Из этого примера авторы делают вывод, что защита интересов отдельных групп путем государственного вмешательства может привести к еще худшим результатам, чем политика невмешательства и предоставление рынку возможности «самостоятельно» урегулировать эти вопросы.

Углубляясь в различные типы дискриминаций, нобелевские лауреаты касаются любопытных экспериментов, которые показывают, как предвзятость закрепляется в обществе в психологическом аспекте. Авторы приводят пример: перед началом обучения учителей уведомляли, что IQ одной группы школьников выше, чем другой (в действительности IQ были равны). В процессе обучения учителя не только находили «подтверждения», что соответствующая группа «умнее», но через какое-то время IQ этой группы действительно начинало статистически значимо расти. Обратный пример: группе белых студентов предлагали пройти тест по математике, предварительно сообщая, что проводится исследование причин особых успехов азиатов в точных науках. После такого предуведомления белые студенты сдавали тест хуже, чем контрольная группа, которой ничего не говорили о превосходстве азиатов в математике.

Разбирая конкретные кейсы дискриминации, авторы сходятся во мнении, что «эксцессы», возникающие в процессе защиты меньшинств, приводят к некоторым негативным последствиям, но в целом способны предупреждать гораздо большее зло, чем сами приносят. Сопровождая эту позицию множеством оговорок, Банерджи и Дюфло полагают, что это необходимые издержки на пути в светлое будущее. Так сказать, лес рубят — щепки летят.

Экономист — друг человека
В заключении своей книги Банерджи и Дюфло противопоставляют «хорошую» и «плохую» экономическую науку. По некоторым пунктам их позиция противоречива. Например, в начале книги авторы подчеркивают благотворность свободы торговли. Однако в конце они, наоборот, причисляют такую позицию к «зашоренной экономической науке» и атакуют основные экономические постулаты американских консерваторов (и классических европейских либералов), высказываясь против идеи о том, что государство обычно неэффективно и коррумпировано, поэтому не следует допускать роста его влияния.

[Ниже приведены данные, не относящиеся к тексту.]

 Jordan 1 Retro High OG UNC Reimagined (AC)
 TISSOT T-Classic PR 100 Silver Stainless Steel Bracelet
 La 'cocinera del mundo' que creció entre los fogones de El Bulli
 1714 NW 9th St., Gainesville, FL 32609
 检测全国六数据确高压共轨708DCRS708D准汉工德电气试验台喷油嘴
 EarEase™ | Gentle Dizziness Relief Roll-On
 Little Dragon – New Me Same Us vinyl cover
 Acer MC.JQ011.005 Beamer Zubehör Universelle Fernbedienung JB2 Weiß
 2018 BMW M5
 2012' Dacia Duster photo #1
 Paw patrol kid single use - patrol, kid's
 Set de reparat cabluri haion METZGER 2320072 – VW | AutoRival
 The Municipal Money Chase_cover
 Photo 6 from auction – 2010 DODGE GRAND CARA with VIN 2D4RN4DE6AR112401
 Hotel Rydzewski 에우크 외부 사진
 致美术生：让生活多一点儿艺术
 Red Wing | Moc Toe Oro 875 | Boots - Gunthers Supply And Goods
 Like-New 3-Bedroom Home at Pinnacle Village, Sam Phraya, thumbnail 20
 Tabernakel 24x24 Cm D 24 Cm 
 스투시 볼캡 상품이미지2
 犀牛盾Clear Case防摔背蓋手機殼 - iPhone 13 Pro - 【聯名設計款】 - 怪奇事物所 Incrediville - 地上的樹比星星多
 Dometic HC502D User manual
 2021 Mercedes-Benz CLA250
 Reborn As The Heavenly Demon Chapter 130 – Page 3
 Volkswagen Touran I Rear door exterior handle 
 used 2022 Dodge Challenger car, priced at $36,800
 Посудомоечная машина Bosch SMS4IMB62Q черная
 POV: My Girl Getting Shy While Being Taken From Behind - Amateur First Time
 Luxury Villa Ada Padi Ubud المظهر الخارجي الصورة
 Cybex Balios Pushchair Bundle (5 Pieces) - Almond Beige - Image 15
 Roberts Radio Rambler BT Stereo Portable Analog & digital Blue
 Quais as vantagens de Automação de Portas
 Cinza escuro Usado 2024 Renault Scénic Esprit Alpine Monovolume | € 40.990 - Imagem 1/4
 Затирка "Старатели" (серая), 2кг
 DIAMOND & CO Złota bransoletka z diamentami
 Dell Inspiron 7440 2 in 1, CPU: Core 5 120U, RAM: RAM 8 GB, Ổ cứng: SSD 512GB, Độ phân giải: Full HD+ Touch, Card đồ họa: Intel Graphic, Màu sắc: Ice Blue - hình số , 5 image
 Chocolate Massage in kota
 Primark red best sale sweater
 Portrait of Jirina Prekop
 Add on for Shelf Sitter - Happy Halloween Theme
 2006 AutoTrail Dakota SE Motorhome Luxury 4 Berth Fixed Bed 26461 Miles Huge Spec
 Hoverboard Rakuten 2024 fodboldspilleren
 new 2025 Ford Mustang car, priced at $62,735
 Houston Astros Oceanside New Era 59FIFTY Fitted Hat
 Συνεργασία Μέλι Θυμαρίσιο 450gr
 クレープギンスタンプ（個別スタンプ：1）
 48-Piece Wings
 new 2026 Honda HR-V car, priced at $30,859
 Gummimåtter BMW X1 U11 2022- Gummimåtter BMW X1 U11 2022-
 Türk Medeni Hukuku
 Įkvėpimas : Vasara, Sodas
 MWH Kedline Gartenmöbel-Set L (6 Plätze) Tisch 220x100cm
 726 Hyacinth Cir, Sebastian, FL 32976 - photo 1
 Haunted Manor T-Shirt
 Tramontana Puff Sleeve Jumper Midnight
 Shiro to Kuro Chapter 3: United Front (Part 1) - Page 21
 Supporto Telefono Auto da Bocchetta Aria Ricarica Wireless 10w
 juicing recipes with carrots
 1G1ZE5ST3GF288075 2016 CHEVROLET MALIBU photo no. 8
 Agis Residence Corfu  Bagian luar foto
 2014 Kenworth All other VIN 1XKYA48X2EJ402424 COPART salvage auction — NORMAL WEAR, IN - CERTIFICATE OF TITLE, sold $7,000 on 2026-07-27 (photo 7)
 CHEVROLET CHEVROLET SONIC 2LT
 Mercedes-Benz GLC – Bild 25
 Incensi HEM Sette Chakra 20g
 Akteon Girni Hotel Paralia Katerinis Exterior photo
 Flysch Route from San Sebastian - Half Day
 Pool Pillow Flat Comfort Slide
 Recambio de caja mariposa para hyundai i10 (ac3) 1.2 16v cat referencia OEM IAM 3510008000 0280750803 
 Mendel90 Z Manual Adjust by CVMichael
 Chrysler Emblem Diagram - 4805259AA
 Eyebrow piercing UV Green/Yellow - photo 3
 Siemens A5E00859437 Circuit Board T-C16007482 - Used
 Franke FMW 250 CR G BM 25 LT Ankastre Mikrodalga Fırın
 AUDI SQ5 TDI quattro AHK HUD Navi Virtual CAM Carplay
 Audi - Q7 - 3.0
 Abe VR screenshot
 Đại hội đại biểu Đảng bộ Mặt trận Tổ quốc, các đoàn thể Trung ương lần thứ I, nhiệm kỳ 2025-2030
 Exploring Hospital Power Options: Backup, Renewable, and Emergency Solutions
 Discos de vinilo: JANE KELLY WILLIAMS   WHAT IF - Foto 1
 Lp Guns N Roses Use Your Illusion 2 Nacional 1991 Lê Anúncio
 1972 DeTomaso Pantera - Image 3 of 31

От этой противоречивости может возникнуть ощущение, что ее написали люди с противоположными (или как минимум разными) политическими взглядами. Возможно, в этом заключается задумка авторов: показать, что многие вещи, которые кажутся нам однозначно правильными, сомнительны или даже ошибочны, если взглянуть на проблему под другим мировоззренческим углом.

Лично я благодаря «Экономической науке в тяжелые времена» стал лучше понимать логику тех, чьи мнения и предложения представляются мне даже вредными. Так, например, авторы отстаивают позитивную дискриминацию, избегая моральных аргументов, которыми злоупотребляют политики и общественные деятели, но апеллируя к эмпирическим исследованиям (см. параграфы об экспериментах в Индии, где в группах смешивали учеников разных этносов, социальных групп, с разным уровнем благосостояния и т. п.). В результате такой аргументации понять их позицию стало куда проще.

Завершают Банерджи и Дюфло свою книгу так: «Невежество, интуиция, идеология и инертность в совокупности дают нам ответы, которые выглядят правдоподобными, обещают многое и предсказуемо нас обманывают. <...> Единственное, что мы можем противопоставлять плохим идеям, — это сохранять бдительность, не поддаваться соблазну „очевидного”, скептически относиться к обещаемым чудесам. <...> Экономика слишком важна, чтобы оставлять ее экономистам».

По последней фразе видно, что авторы не чужды афористичности. Отмечу, что книга действительно написана хорошим слогом (во всяком случае, насколько можно судить по переводу под редакцией Д. Раскова) и, хотя одни идеи не понравятся людям с левыми взглядами, а другие — людям со взглядами правыми, и те, и другие получат от чтения интеллектуальное удовольствие. Возможно, главное достижение этой работы в том, что она показывает, как в пространстве науки можно спокойно, вдумчиво и без эмоций обсуждать темы, которые на площадях, на ток-шоу и в СМИ выглядят самыми взрывоопасными.